*** GIVEN DATA ***

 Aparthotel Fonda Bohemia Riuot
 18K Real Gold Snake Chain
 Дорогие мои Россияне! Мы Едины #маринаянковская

*** End of GIVEN DATA ***

WHAT THE EXERCISE ASKS: Transcribe each line of the listing exactly.

RESULT FOR THIS EXERCISE:
 Aparthotel Fonda Bohemia Riuot
 18K Real Gold Snake Chain
 Дорогие мои Россияне! Мы Едины #маринаянковская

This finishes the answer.